QR7.1.1 Divinity

Since time immemorial, people have died for divinities they didn’t understand, but in general, the divinity premise is that an immaterial supreme reality exists beyond the manifest world. Over five thousand years ago, in Persia, Zoroastrian scriptures called that divinity Ahura Mazda:

Verily I beheld Thee, O Mazda Ahura, to be the Supreme Benevolent Providence,
  For I beheld Thee as the primeval source of creation.”
(Yasna 43, v5).

Ahura Mazda not only created and sustained all things, but was also benevolent, for the good of all. At about the same time, or later, seers in India called their supreme divinity Brahman:

The wise realize everywhere that (Brahman) which cannot be perceived and grasped; which is without source, features, eyes and ears; which has neither hands nor feet; which is eternal, multi-formed, all-pervasive, subtle and undiminishing; and which is the source of all.” (Mundaka Upanishad, I.i.6).

Brahman, like Ahura Mazda, was the non-physical source of all things everywhere. The equally ancient Old Testament divinity, Yahweh, is also alone the invisible maker of all visible things:

“Thus sayeth the Lord (Yahweh), thy redeemer, and he that formed thee from the womb, I am the Lord that maketh all things; that stretcheth forth the heavens alone; that spreadeth abroad the earth by myself.” (Isaiah, 44.24).

This divinity says “I am the Lord” as a person would so the New Testament adds that the invisible word of a personal God made all that appears:

“Through faith, we understand that the worlds were framed by the word of God, so that things which are seen were not made of things which do appear.” (Hebrews, 11.3)

Meanwhile in China, the sage Lao-Tse called the invisible essence behind everything the Tao:

“There is a primal essence that is all-inclusive and undifferentiated and which existed before there was any appearance of heaven and earth. How tranquil and empty it is! … Yet this tranquil emptiness becomes the mother of all. Who knows its name? I can only characterize it and call it Tao.” (Tao, 25).

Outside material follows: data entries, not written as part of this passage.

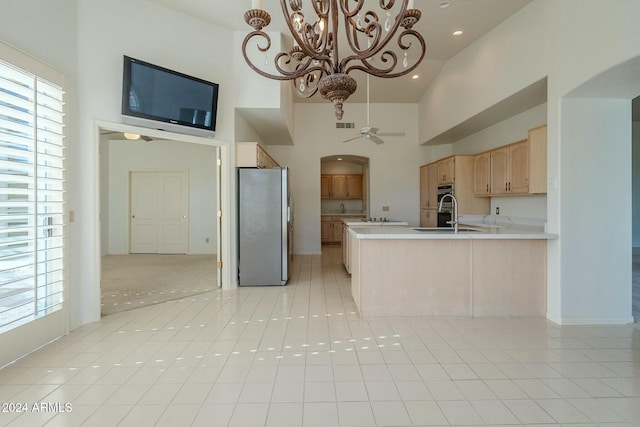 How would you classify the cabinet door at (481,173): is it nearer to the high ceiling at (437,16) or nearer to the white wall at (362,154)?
the high ceiling at (437,16)

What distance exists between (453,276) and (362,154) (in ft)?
15.1

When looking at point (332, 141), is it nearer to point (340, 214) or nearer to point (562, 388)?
point (340, 214)

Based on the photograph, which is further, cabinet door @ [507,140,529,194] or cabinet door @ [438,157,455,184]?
cabinet door @ [438,157,455,184]

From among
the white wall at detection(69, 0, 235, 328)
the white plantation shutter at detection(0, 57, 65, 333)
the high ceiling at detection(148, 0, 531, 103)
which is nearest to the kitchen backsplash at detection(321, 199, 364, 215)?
the high ceiling at detection(148, 0, 531, 103)

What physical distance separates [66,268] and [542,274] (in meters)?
4.84

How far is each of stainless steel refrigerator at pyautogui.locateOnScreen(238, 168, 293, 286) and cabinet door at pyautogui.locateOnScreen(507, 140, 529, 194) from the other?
3.25 m

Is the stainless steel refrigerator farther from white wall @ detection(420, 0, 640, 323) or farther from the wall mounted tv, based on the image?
white wall @ detection(420, 0, 640, 323)

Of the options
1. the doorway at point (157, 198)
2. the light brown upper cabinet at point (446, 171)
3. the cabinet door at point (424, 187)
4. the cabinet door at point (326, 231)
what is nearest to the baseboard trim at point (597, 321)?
the light brown upper cabinet at point (446, 171)

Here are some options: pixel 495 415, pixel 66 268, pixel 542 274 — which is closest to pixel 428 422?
pixel 495 415

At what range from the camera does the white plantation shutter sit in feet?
7.30

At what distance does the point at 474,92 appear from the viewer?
4.53 meters

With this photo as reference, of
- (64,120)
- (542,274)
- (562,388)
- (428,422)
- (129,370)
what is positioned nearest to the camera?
(428,422)

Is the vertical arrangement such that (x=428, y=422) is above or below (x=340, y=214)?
below

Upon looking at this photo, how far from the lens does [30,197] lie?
241 centimetres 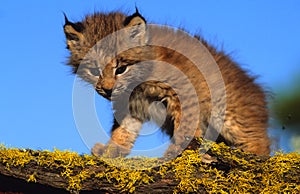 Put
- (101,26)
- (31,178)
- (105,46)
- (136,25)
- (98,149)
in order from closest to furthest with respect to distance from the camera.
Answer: (31,178) < (98,149) < (105,46) < (136,25) < (101,26)

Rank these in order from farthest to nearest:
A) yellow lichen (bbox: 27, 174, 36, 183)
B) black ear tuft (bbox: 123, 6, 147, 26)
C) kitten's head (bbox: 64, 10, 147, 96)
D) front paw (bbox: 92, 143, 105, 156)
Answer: black ear tuft (bbox: 123, 6, 147, 26) < kitten's head (bbox: 64, 10, 147, 96) < front paw (bbox: 92, 143, 105, 156) < yellow lichen (bbox: 27, 174, 36, 183)

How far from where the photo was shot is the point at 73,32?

The Tao isn’t a personal God, yet its “emptiness” is the mother of heaven and earth. Buddhism began in India, then spread to China as Chan Buddhism, then to Japan as Zen Buddhism. Some call it a godless religion, but the Buddha was clear that a divinity existed:

“There is an Unborn, Uncreated, Unformed. If there were not this Unborn, this Unoriginated, this Uncreated, this Unformed, escape from the world of the born, the originated, the created, the formed, would not be possible. But since there is an Unborn, Unoriginated, Uncreated, Unformed, therefore is escape possible from the world of the born, the originated, the created, the formed.” (The Word of the Buddha, p32).

He called this primal essence Tathata so the Buddha is a Tathagata, meaning one who has realized Tathata. We might translate this as God-realization but perhaps, given the many gods of Hinduism, he tried to avoid that. Buddhism doesn’t deny a supreme divinity, just the need to worship it, by the following logic:

“It is as if a man were pierced by a poisoned arrow, and his friends, companions, or near relations called in a surgeon, but that man should say: I will not have this arrow pulled out until I know, who the man is that has wounded me: whether he is a noble, a prince, a citizen, or a servant; or: whether he is tall, or short, or of medium height, Verily, such a man would die, ere he could adequately learn all this. Therefore, the man, who seeks his own welfare, should pull out this arrow – this arrow of lamentation, pain, and sorrow.” (The Word of the Buddha, p35).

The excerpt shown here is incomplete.